Keynote Presentations

CIKM 2015 will feature invited keynote addresses from three outstanding researchers.

teevan

Jaime Teevan, Microsoft

Slow Search: Improving Information Retrieval Using Human Assistance

We live in a world where the pace of everything from communication to transportation is getting faster. In recent years a number of "slow movements" have emerged that advocate for reducing speed in exchange for increasing quality. These include the slow food movement, slow parenting, slow travel, and even slow science. We propose the concept of "slow search," where search engines use additional time to provide a higher quality search experience than is possible given conventional time constraints. While additional time can be used to identify particularly relevant results within the existing search engine framework, it can also be used to create new search artifacts and enable previously unimaginable user experiences. In this talk I focus on how search engines can make use of additional time to employ a resource that is inherently slow: other people. Using crowdsourcing and friendsourcing, I will highlight opportunities for search systems to support new search experiences with high quality result content that takes time to identify.
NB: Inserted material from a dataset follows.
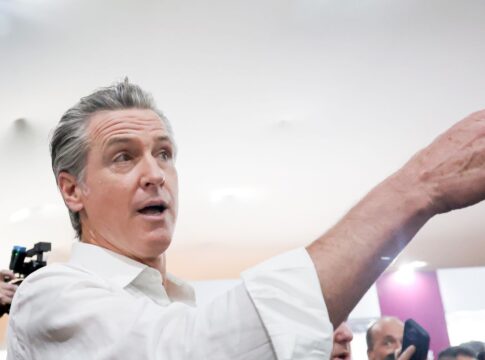 governador-democrata-da-california-critica-ausencia-dos-eua-na-cop30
Jaime Teevan is a Senior Researcher at Microsoft Research and an Affiliate Assistant Professor at the University of Washington. Working at the intersection of human computer interaction, information retrieval, and social media, she studies people's information seeking activities. Much of her research focuses on the social and temporal context of information use, and she developed the first personalized search algorithm used by Bing. Her accomplishments have been honored with Technology Review (TR35) Young Innovator and Borg Early Career awards. She has published numerous technical articles, including several books and best papers. She received a PhD from MIT and a BS in Computer Science from Yale University.


tomkins

Andrew Tomkins, Google

Large-Scale Analysis of Dynamics of Choice among Discrete Alternatives

The online world is rife with scenarios in which a user must select one from a finite set of alternatives: which movie to watch, which song to play, which camera to order, which website to visit. In this talk, I’ll give an overview of this class of problems and some established solutions, and I’ll describe some recent work in large-scale analysis of this data type. I’ll begin with a discussion of choice among restaurants, taking into account factors of physical location. I’ll then discuss the dynamics of repeated consumption of the same item, which has a long history of interest to marketers and psychologists but is less well-studied in computer science. Finally, I’ll move to a more complex scenario of sequential consumption of a range of items, and will show how the theory of discrete choice can be incorporated into the theory of Markov processes, requiring a new algorithmic approach.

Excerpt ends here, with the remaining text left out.